**Dataset section:**
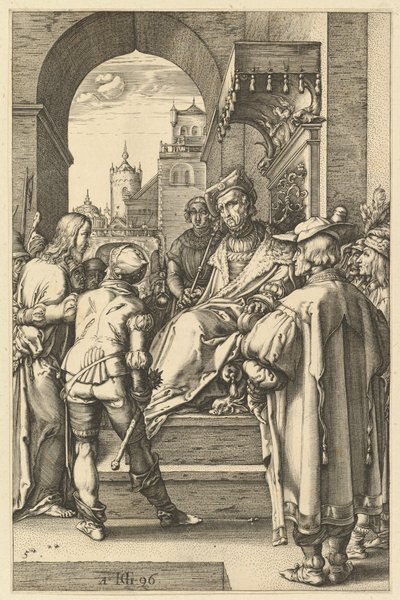 Kristus före Pilatus, från The Passion of Christ, 1596. av Hendrik Goltzius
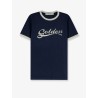 Cotton T-shirt with printed logo on the front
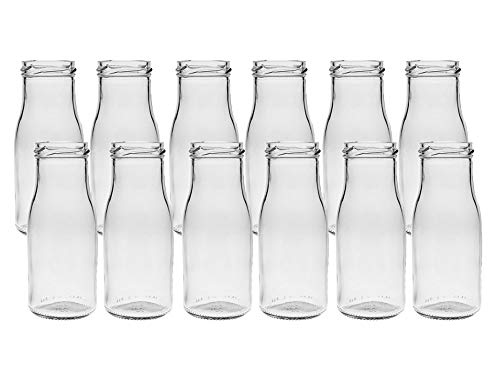 12 Stück Runde | Typ 156 | Mini Vasen Glasfläschchen kleine | Dekoflaschen Flasche | Väschen Vase Glasflaschen Blumenvase (12 Stück) von Vitrea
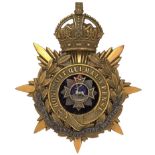 Badge. Hertfordshire Battalion, Bedfordshire Regiment Officer’s helmet plate circa 1908-09. A fine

**Your objective:**
Reproduce the data verbatim and omit each image.

**Solution:**
 Kristus före Pilatus, från The Passion of Christ, 1596. av Hendrik Goltzius
 Cotton T-shirt with printed logo on the front
 12 Stück Runde | Typ 156 | Mini Vasen Glasfläschchen kleine | Dekoflaschen Flasche | Väschen Vase Glasflaschen Blumenvase (12 Stück) von Vitrea
 Badge. Hertfordshire Battalion, Bedfordshire Regiment Officer’s helmet plate circa 1908-09. A fine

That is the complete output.